Attorney Patrick Anstead said his client, 51-year-old Jacqueline McNeill, was wrongfully arrested by the Fayetteville Police Department on July 20.
Police accused her of using her white Nissan Sedan in a drive-by shooting on July 18 outside of a vape shop on Camden Road. McNeill was then pulled over and arrested two days later.
“They arrested Miss McNeill without a warrant or probable cause, and that right there is an invalid arrest,” Attorney Anstead said.
Fayetteville police identified a white Nissan Sedan leaving the direction of the shooting with a nearby city surveillance camera. At the same time, license plate reader camera more than one mile away on Owen Drive caught McNeill’s car.
Two days later she was pulled over by police, arrested and interrogated, her attorney said. He also said police even accused McNeill’s son of the shooting, that was also false.
“After a while, law enforcement realized they had captured the images of two different cars and had arrested the wrong person.
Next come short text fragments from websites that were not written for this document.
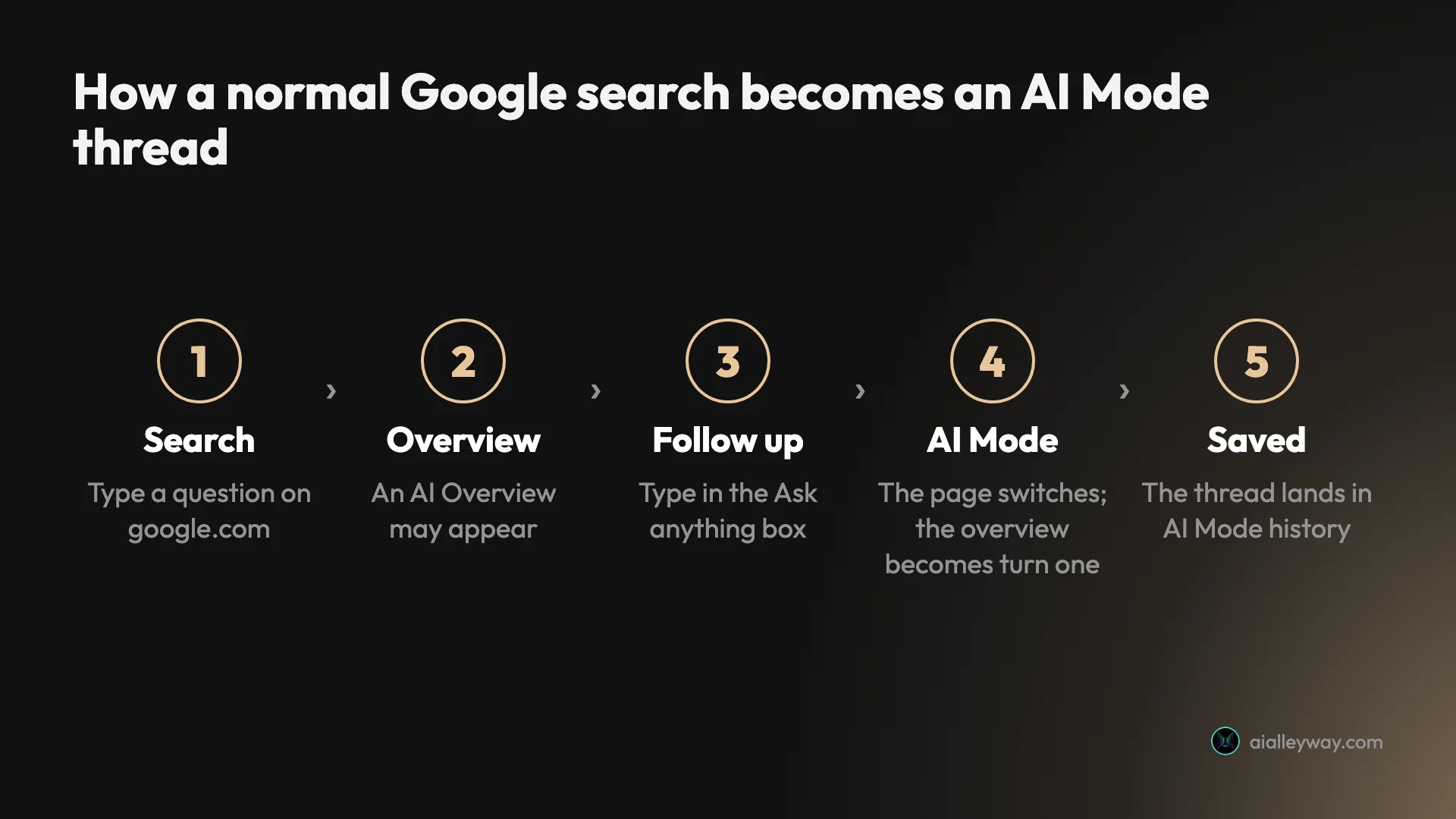 Infographic: how a normal Google search becomes an AI Mode thread, in five steps: search, an AI Overview may appear, type a follow-up in the Ask anything box, the page switches to AI Mode with the overview as turn one, and the thread is saved in AI Mode history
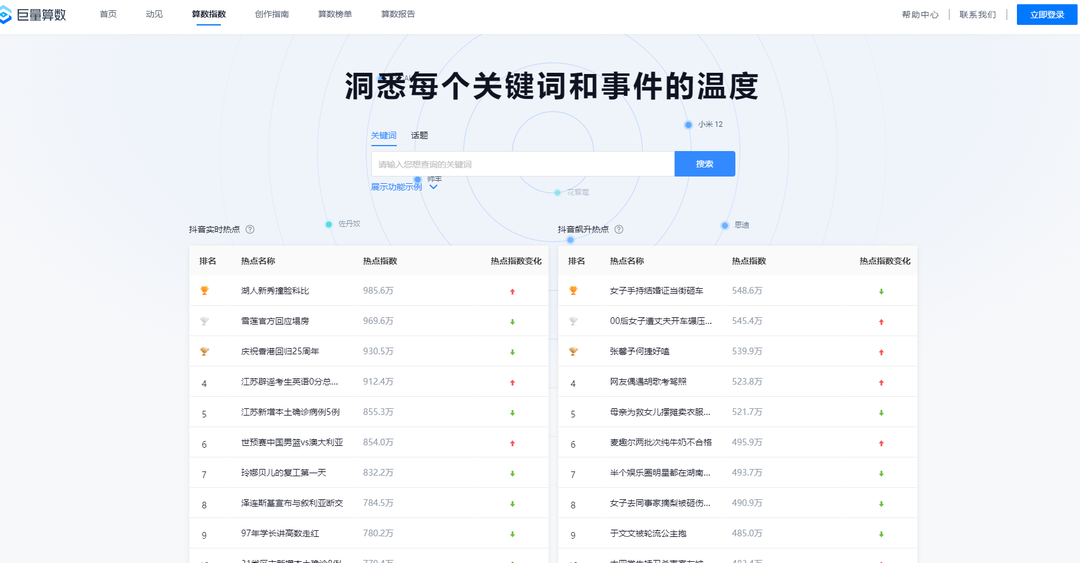 抖音玩转抖音入门指南（新手必看！一文教你玩转抖音搜索）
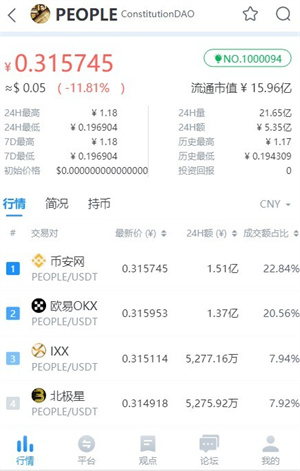 people�ҽ�����app����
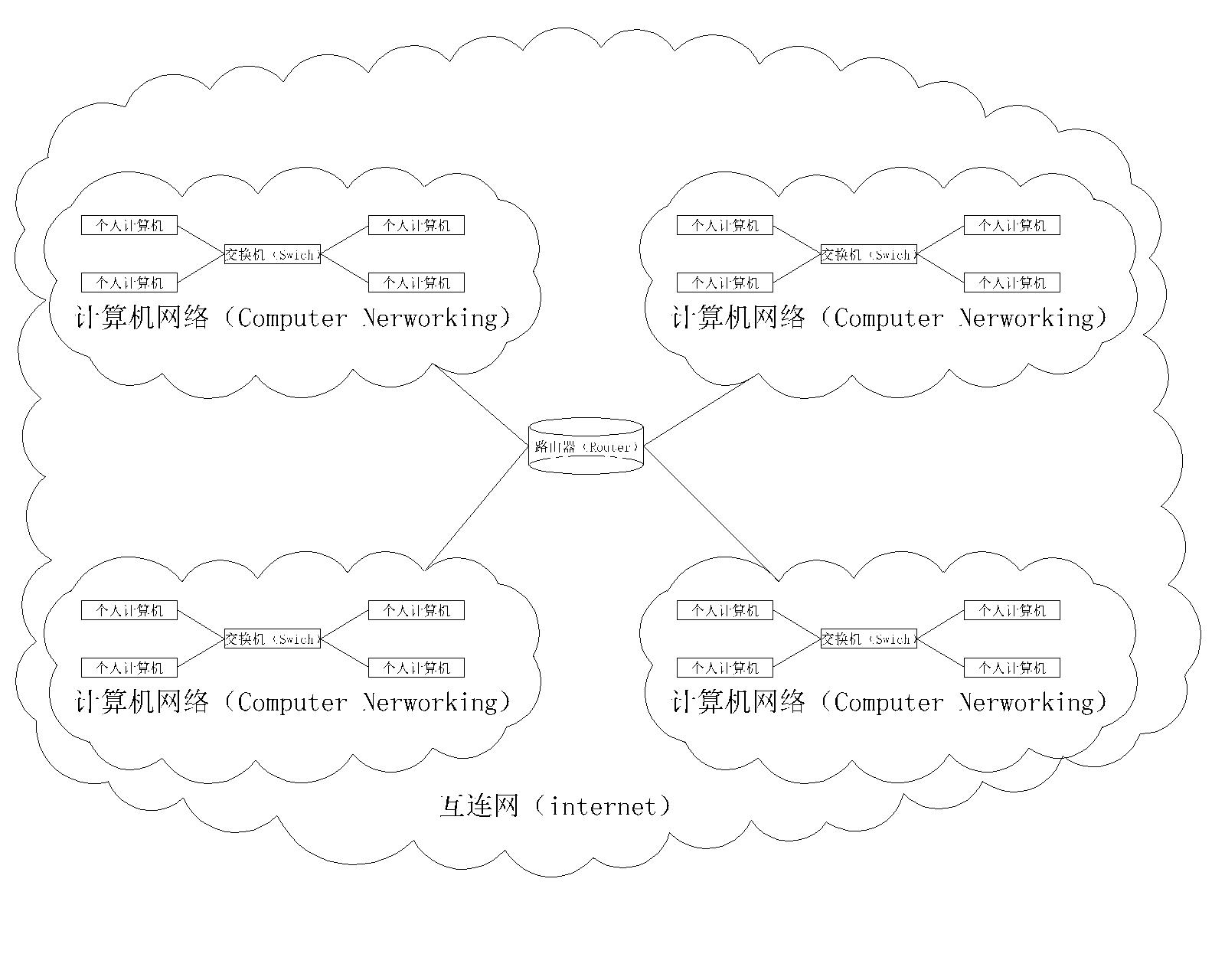 【计算机网络】计算机网络的概念_互联网_08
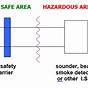 Intrinsically Safe Barrier Wiring Diagram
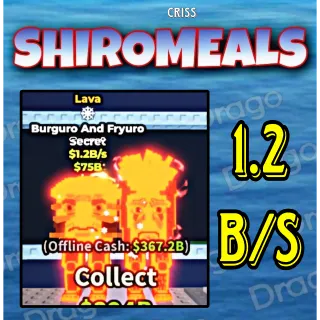 Burguro And Fryuro Lava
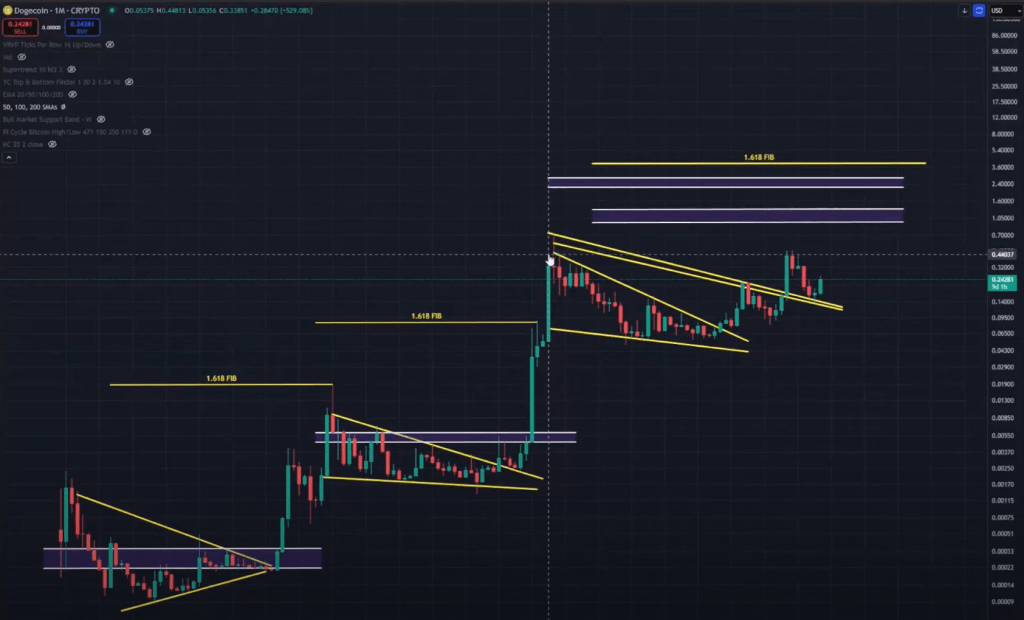 Can Dogecoin Really Hit $3.80? Analyst Says Yes—If This Happens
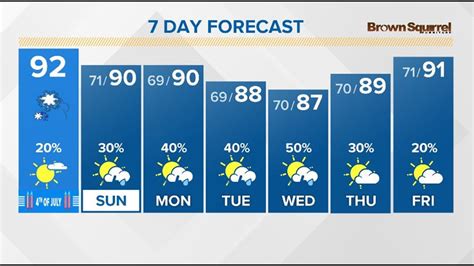 Be prepared with the most accurate 10-day forecast for Alcoa, 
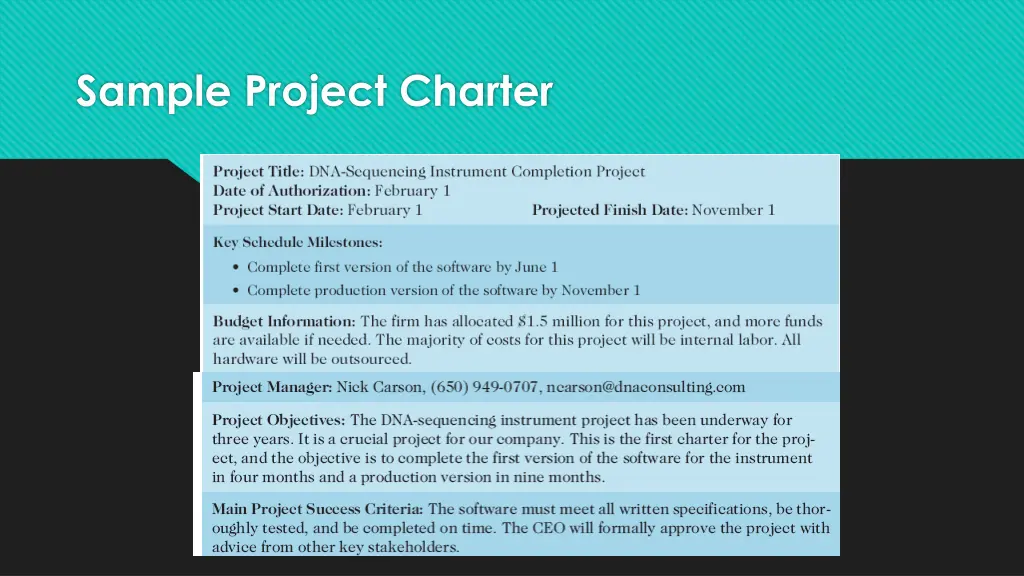 sample project charter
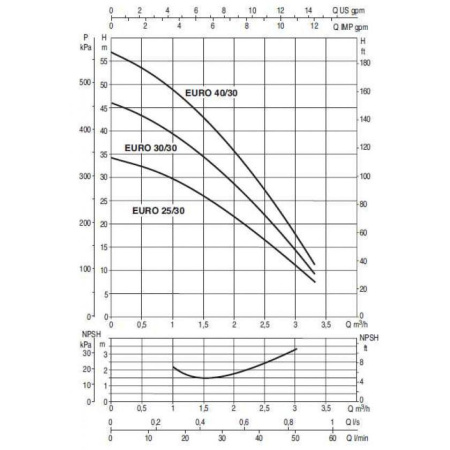 Насос самовсасывающий DAB EURO 40/30 M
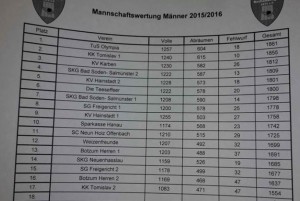 KV Rothenbergen Herren Teamwertung 2016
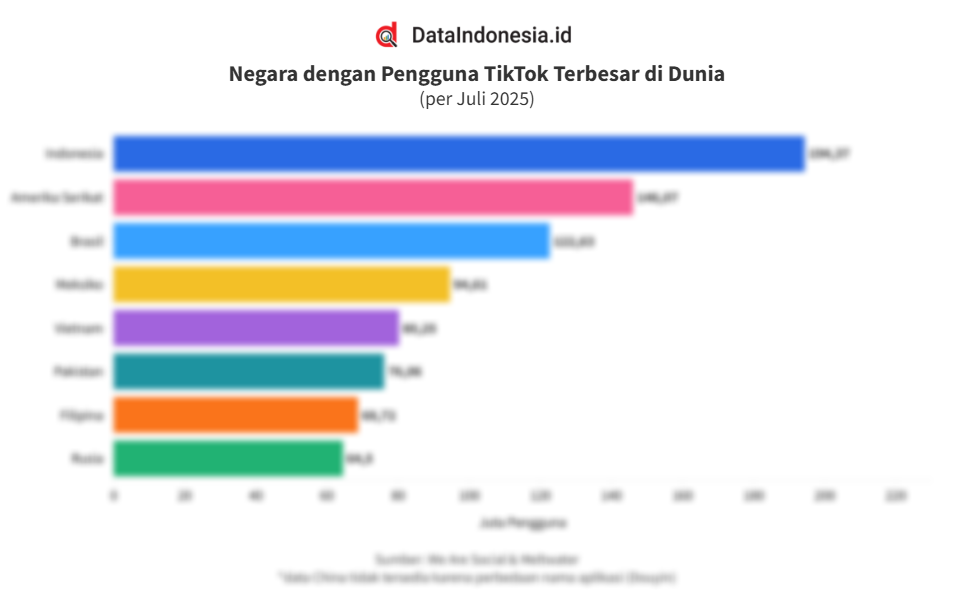 Deretan Negara Pengguna TikTok Terbesar di Dunia pada Juli 2025, Indonesia Nomor Satu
Ultimately, letting Miss McNeill go without charging her with a crime,” Attorney Anstead said. “What they were initially supposed to do was stop and hold the car and let detectives come and examine it and determine rather or not it was the right one. Instead, they skipped a step and immediately arrested her.”
Before McNeill’s attorney could file a federal lawsuit, Fayetteville police agreed to hold a mediation and resolution negotiations for a settlement.
The Fayetteville Police Department settled with McNeill for $60,000 and a written apology from retiring Fayetteville Police Chief Gina Hawkins.
“It basically says that their detectives made a mistake, and this error will lead to better training in the department going forward,” Attorney Anstead said.
The Fayetteville-based attorney also said he is concerned that officers might be relying too much on technology to identify suspects and solve cases.
“My concern is, as the city continues to implement new technology, more cameras and things like ShotSpotter when that goes in, that police are over-relying on surveillance technology and not using their training and experience to investigate these crimes,” Attorney Anstead said.
CBS 17 reached out to Fayetteville Police Department on Tuesday for comment on this settlement. We were told by a public information officer no one was available to comment.